In Susie's case, she does get that magic moment. A girl she knew at school, Ruth, felt her touch as she hastily departed her body the night of the murder, and knew it was Susie's soul departing. She becomes obsessed with Susie and with death, and with the death of women and girls, the souls of whom she is able to see. Finally, after years of observing Ruth befriend Ray, the boy who gave Susie her first and only kiss, she is for some reason permitted to inhabit Ruth's body just long enough to make love to Ray. And Ray is able to perceive her and know that he is making love to his dead girlfriend Susie contained in Ruth's body. She succeeds where Emily failed, in making contact with a living loved one. Others see her also but this is her most tangible manifestation of all.
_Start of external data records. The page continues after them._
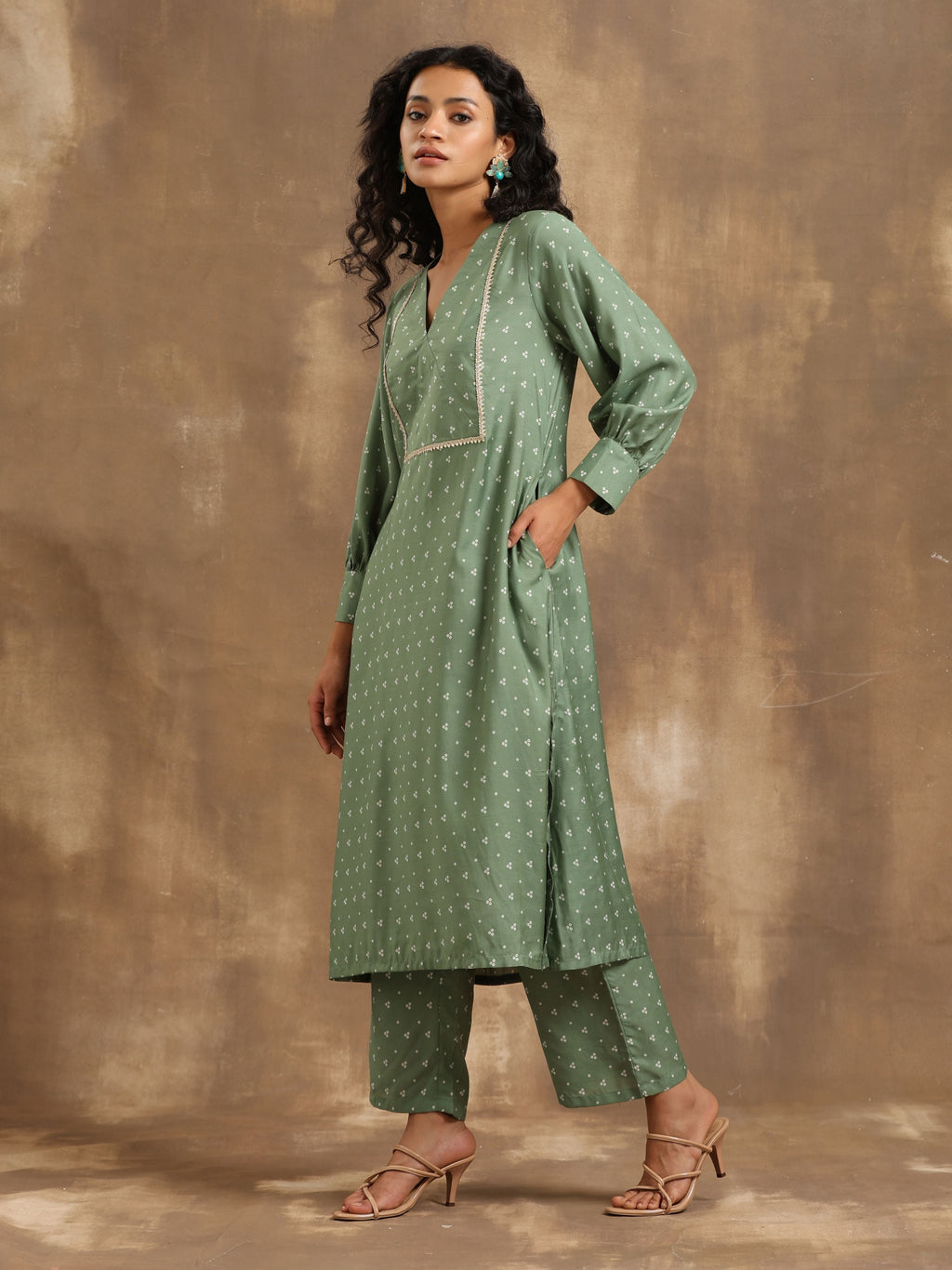 trueBrowns Light Green Bandhani Printed Silk Kurta Pant Set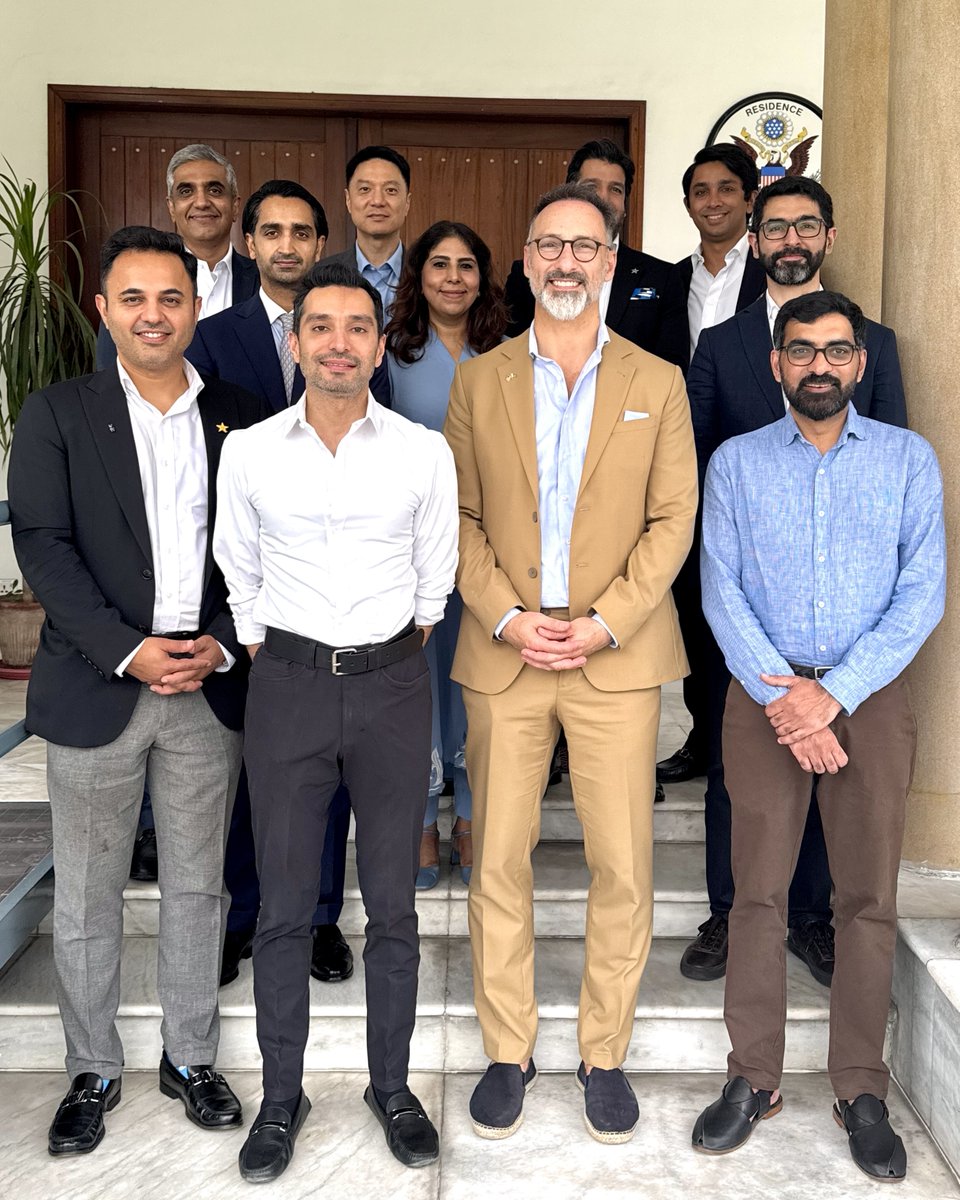 USCGLahore's tweet photo. American businesses are helping build opportunity across Pakistan. 🇺🇸🇵🇰

Consul General Stetson Sanders met with emerging business leaders in Lahore to hear directly about the opportunities – and challenges – shaping Pakistan’s growing food and beverage, agriculture, technology, retail, and other sectors.

From supporting jobs and livelihoods to helping local entrepreneurs grow their businesses and incomes, American companies are contributing to communities across Pakistan. The U.S. Mission remains committed to strengthening commercial ties, supporting American businesses, and creating new opportunities for U.S.-Pakistan economic engagement. #USAinPakistan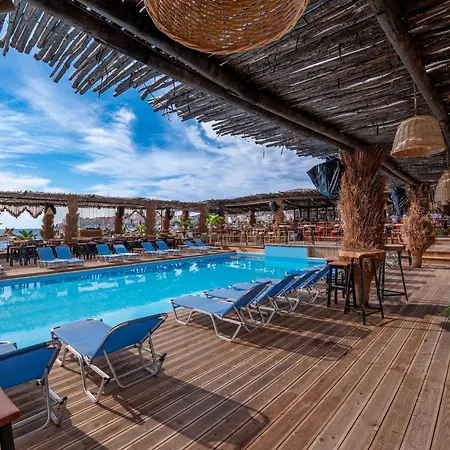 Grand Hotel Saranda-3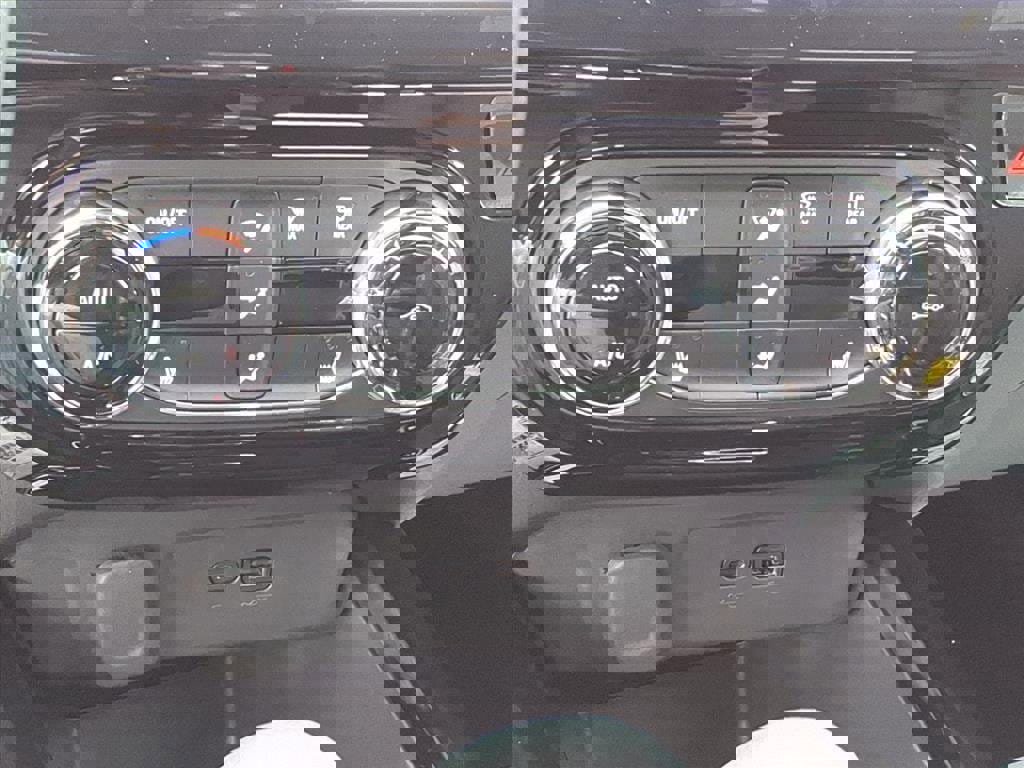 New 2026 Chevrolet Trax RS image 19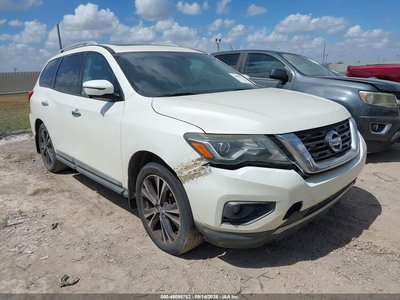 2017 Nissan Pathfinder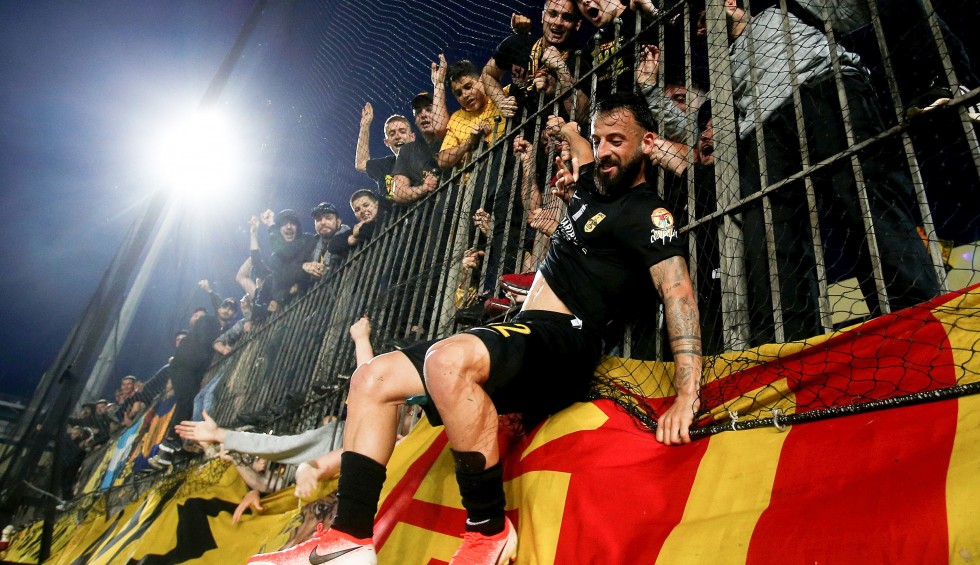 A generic square placeholder image with rounded corners in a figure.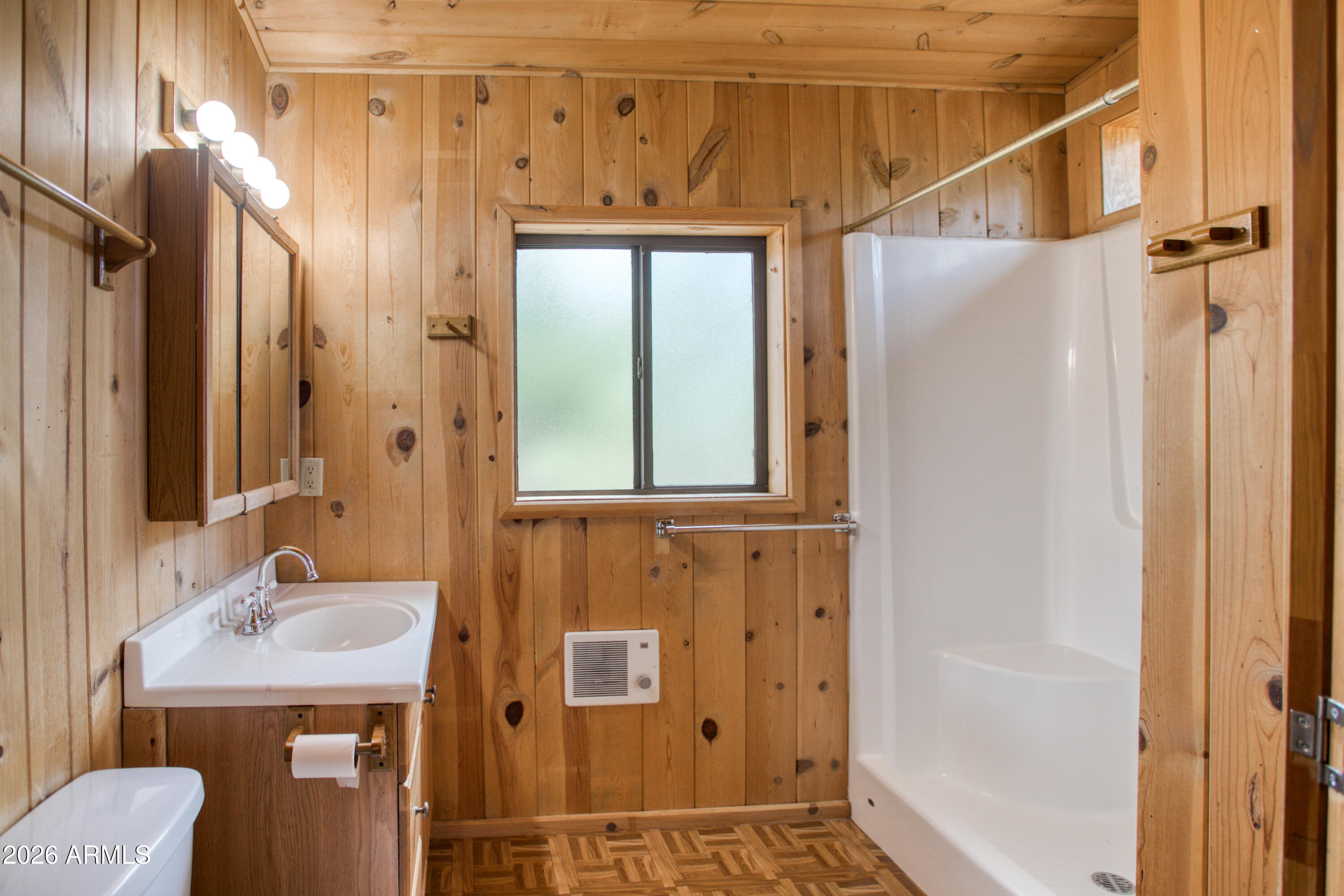 LAKESIDE SUMMER HOMES - Residential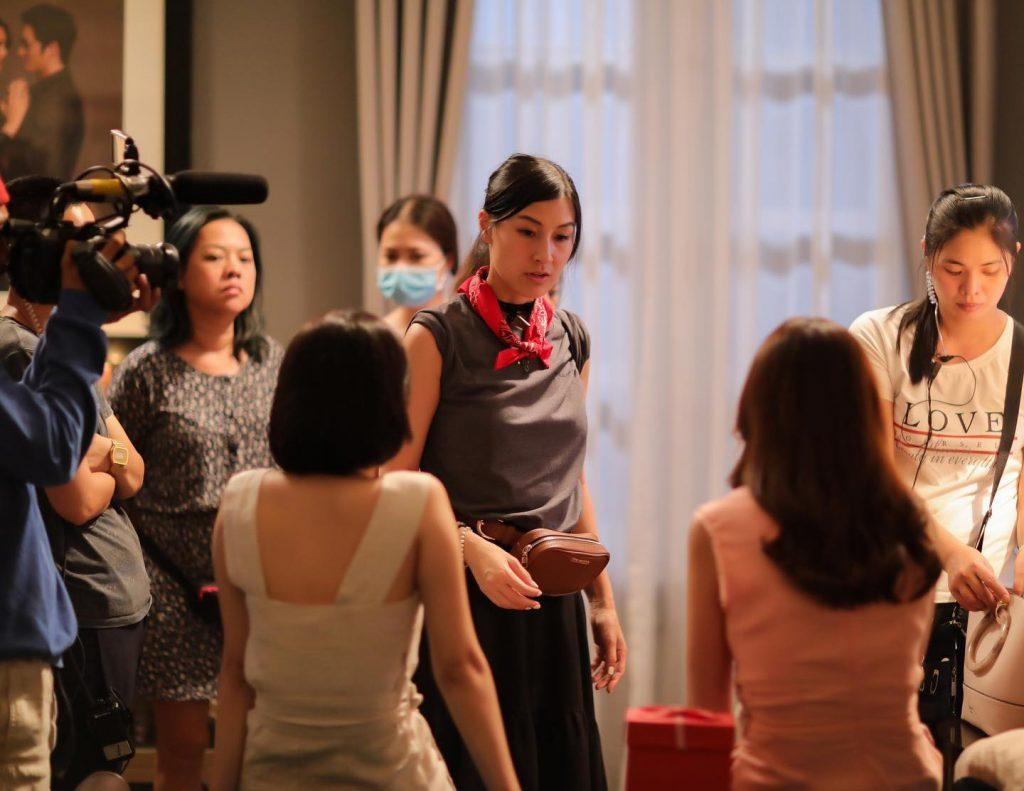 Kathy Uyên được biết đến là một diễn viên, đạo diễn, nhà sản xuất nổi tiếng với loạt phim như Chị Chị Em Em, Âm Mưu Giày Gót Nhọn,… Kathy Uyên được biết đến là một diễn viên, đạo diễn, nhà sản xuất nổi tiếng với loạt phim như Chị Chị Em Em, Âm Mưu Giày Gót Nhọn,…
At the end, she realizes that her violent murder has influenced so many lives and that her family has turned out the way it has because of the "lovely bones" built by her death. There is transcendent joy in the ending: although they still think of each other the grief is over. Susie has moved on in her heaven, and her family has moved on to new beginnings; even a little niece is named after Susie.

This was an excellent read especially for someone who believes in an afterlife and has great curiousity about what the "dead" think and feel about us. We won't know for sure until we get there but I appreciated Susie's voice and her imagined thoughts and emotions. I recommend this book.

Monday, October 01, 2007

Inwood House Staff Meeting

It was a pleasure attending the staff meeting at my new job with Inwood House. We met last Friday at the Bronx site up on 148th Street and Courtland Avenue. This is a section of the Bronx I never knew as a child and young adult, but when I got off the subway I saw several buses heading to destinations I did recognize. It gave me a wave of nostalgia to see buses going to Fordham Road, Kingsbridge Road, and the Grand Concourse, my old stomping grounds.

The staff meeting itself was an upbeat experience. I came out of it feeling much more like a member of a family, even though I didn't get a chance to chat with that many people before we began. We got a quiz on the history of Inwood House, and I learned some fascinating and relevant facts from that quiz.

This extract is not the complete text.